Neil Diamond dropped his trousers at the Carrier Dome on Saturday night. Who said the old pop dog won't try new tricks?
There Diamond was, in the round but not too daringly close to being in the buff
Women in the know in the crowd of 28,000 called it a black body suit, a neat contraption that allows Diamond's performing shirt the appearance of always being tucked in.
In any regard, when a sound system glitch knocked out all of the vocals and instrumental amplification midway through Diamond's rendition of a song eerily titled, Can Anybody Hear Me, the 55-year-old singing veteran showed just how far he'll go to let the show go on.
In a Vaudevillian moment, Dimaond stood up on his stage pedestal and pulled down his pants. The already energetic women in the audience got more excited.
When somebody found the right plug to reconnect, Diamond sheepishly said, ''I guess I've done everything on stage now.''
He did everything right for his fans, anyhow.
And that means Diamond was the consummate Brooklyn aw-schuckster, posing in a gee-thanks mode after every song.
And he was con-prone too, selling his sneaky little tricks like starting Forever in Blue Jeans over because he spotted one guy in the crowd who hadn't stood up and danced the first time around.
But mostly he was an American icon, sharing his poetic pop wisdom with his slew of hits, a 29-song set in all.

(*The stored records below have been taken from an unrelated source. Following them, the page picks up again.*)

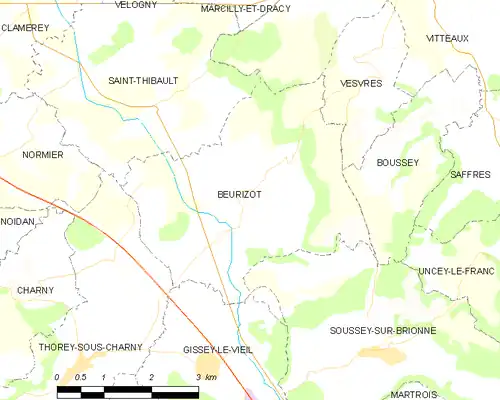 Detailkaart van de gemeente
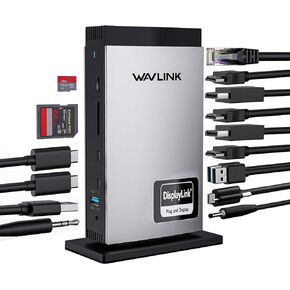 WAVLINK USB C DisplayLink Docking Station with 3 HDMI 4K60Hz,Displaylink Triple Display Docking Station for MacBook M1/M2/M3/Windows,5 USB Ports,2DP,Ethernet Port,Audio/Mic,SD/TF（No Charging Ports）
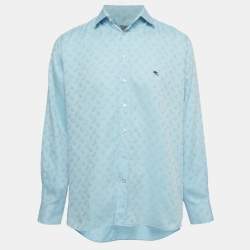 Pre Owned Etro Blue Paisley Jacquard Button Front Shirt XL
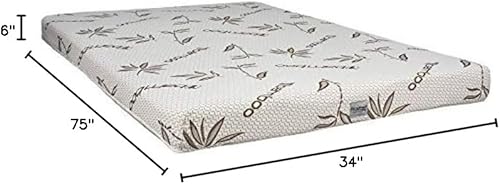 Miniatura 3 de RecPro Colchón de espuma viscoelástica de 6 pulgadas con infusión de gel con tecnología de bambú para cama de caravana, muebles de caravana (34 x 75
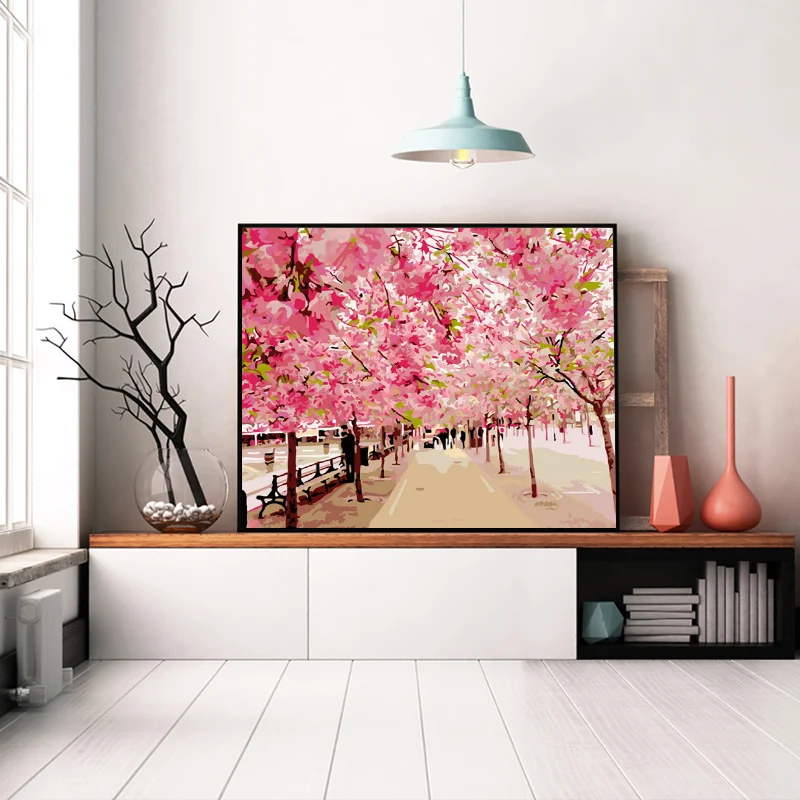 Картина с розовым цветком по номерам уличные леса Риверсайд весенние пейзажи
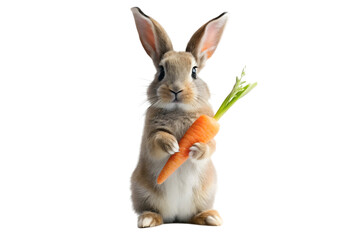 Obraz premium rabbit with carrot isolated on transparent background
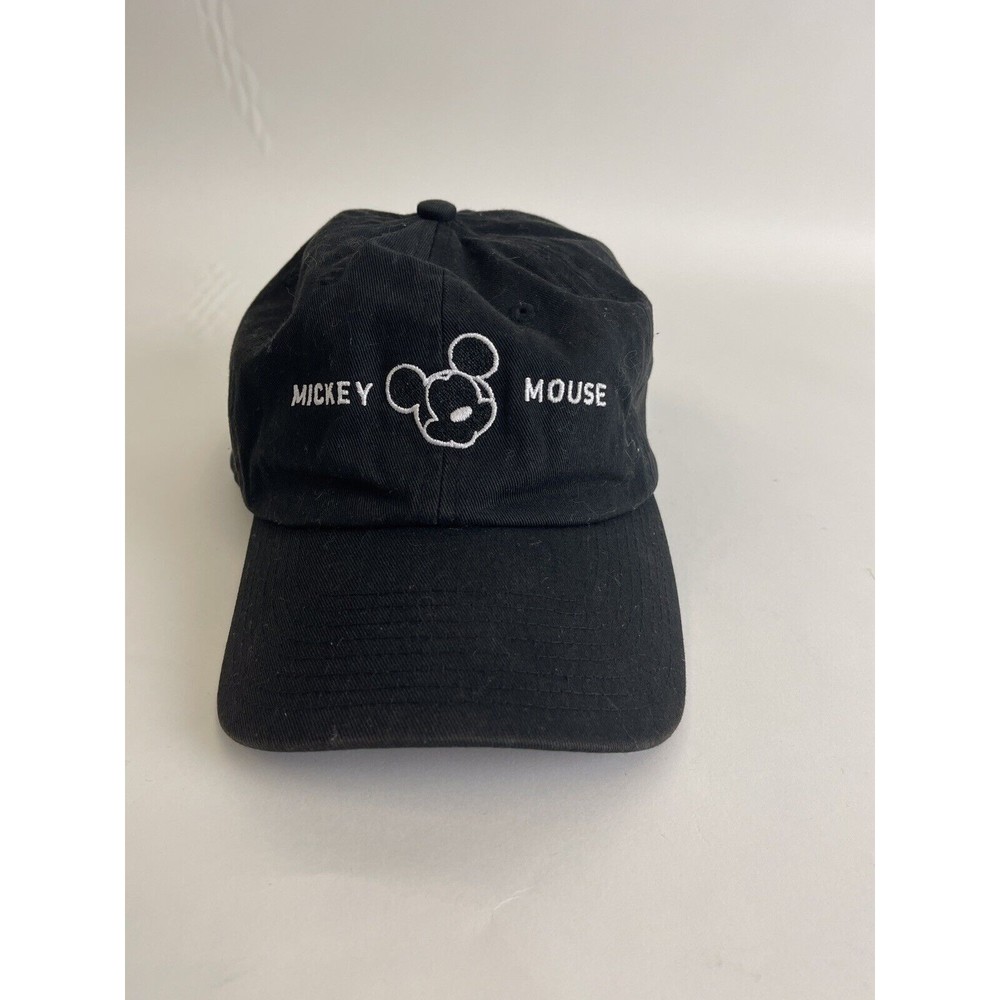 Mickey Mouse baseball cap, black with white embroidery, adjustable, unisex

Solitary Man, Cherry Cherry, Play Me, Kentucky Woman, they were all in there.
On Song Sung Blue the Dome was a human wave of swaying arms. On Marry Me one woman shouted out ''I'll marry you, Neil,'' only to be sharply rebuffed by her friend's sly, ''Oh, she'll marry anybody.''
During America huge American flags dropped from the ceiling at the perfect patriotic moment.
What a warm, cuddly place Neil Diamond's world can be. Of course, there's the measure of artistic anguish, too, with I Am...I Said opening wounds for all to dab at with their ardor. ''And no one heard, not even the chair'' he sang in full hurt.

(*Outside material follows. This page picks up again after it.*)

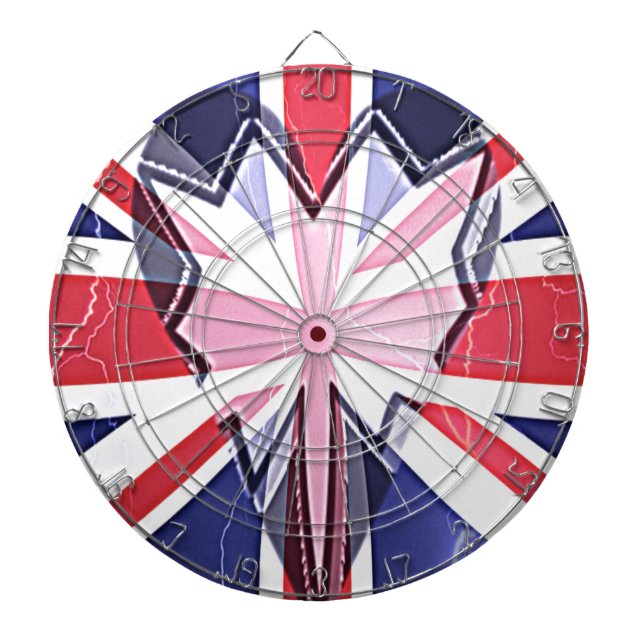 "I Love UK" Art Print Dart Board (Front)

But he sure got over it quickly.
Diamond's slick band added to the polished perfection, and the maestro showed he was both a good boss and thoughtful showman during introductions. After each name rolled lovingly off Diamond's tongue, the musician got to stretch out on a solo.
And the fans, already told there would not be an intermission, got to take a potty break.

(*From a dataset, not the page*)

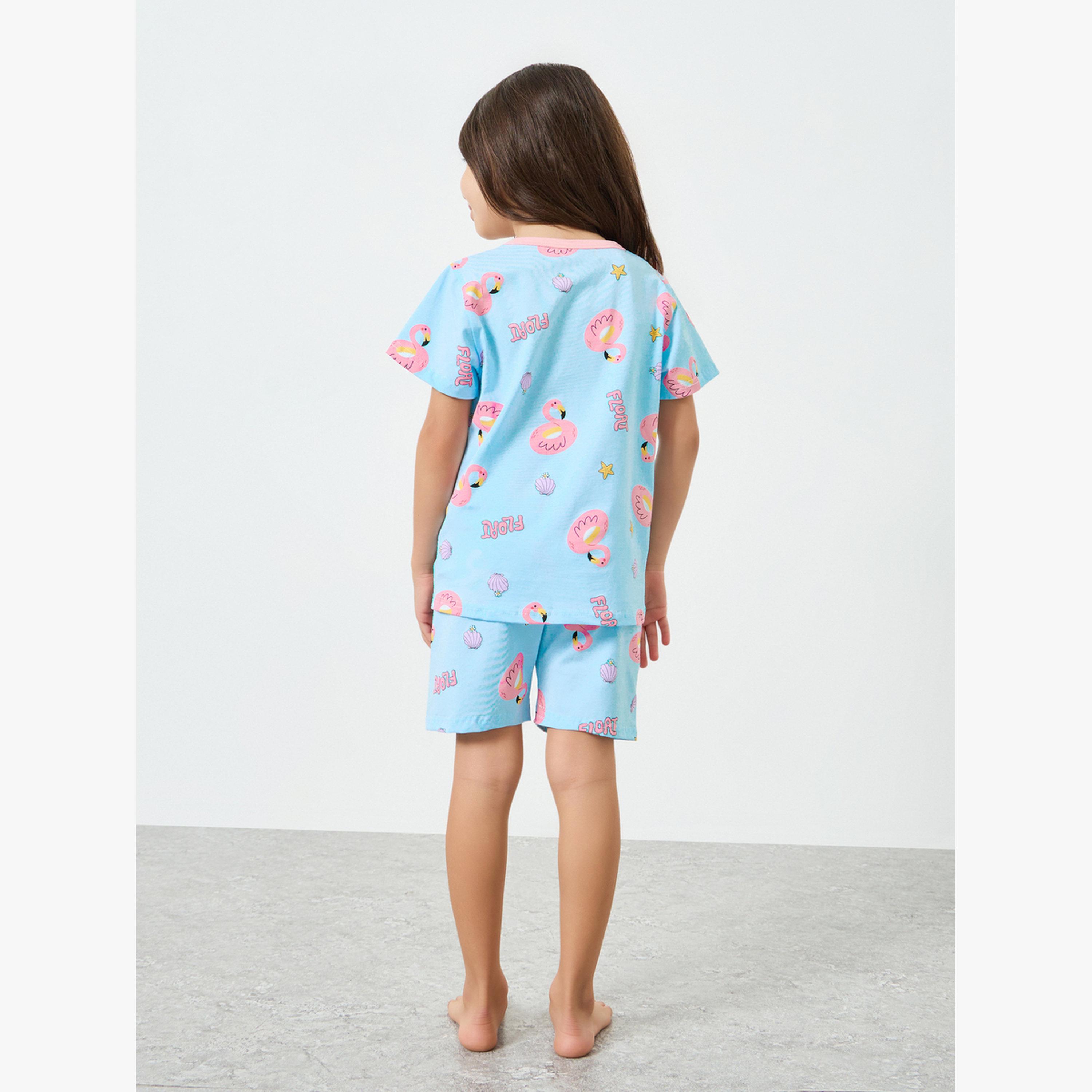 Styli Girls Flamingo Print T-Shirt and Shorts Set-girls-clothing-nightwear-image-3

Hopefully, not too many people left their seats during the four-song stretch of new songs from Diamond's new disc, Tennessee Moon. Because, on the new material, Diamond shows that he's still a songwriter working hard to create new feelings.
The emotional Everybody was a gorgeous ballad co-written with his son Jessee. On No Limit, played with a trio instead of the full 9-piece outfit, Diamond sounded like an old rockabilly king getting some new kicks.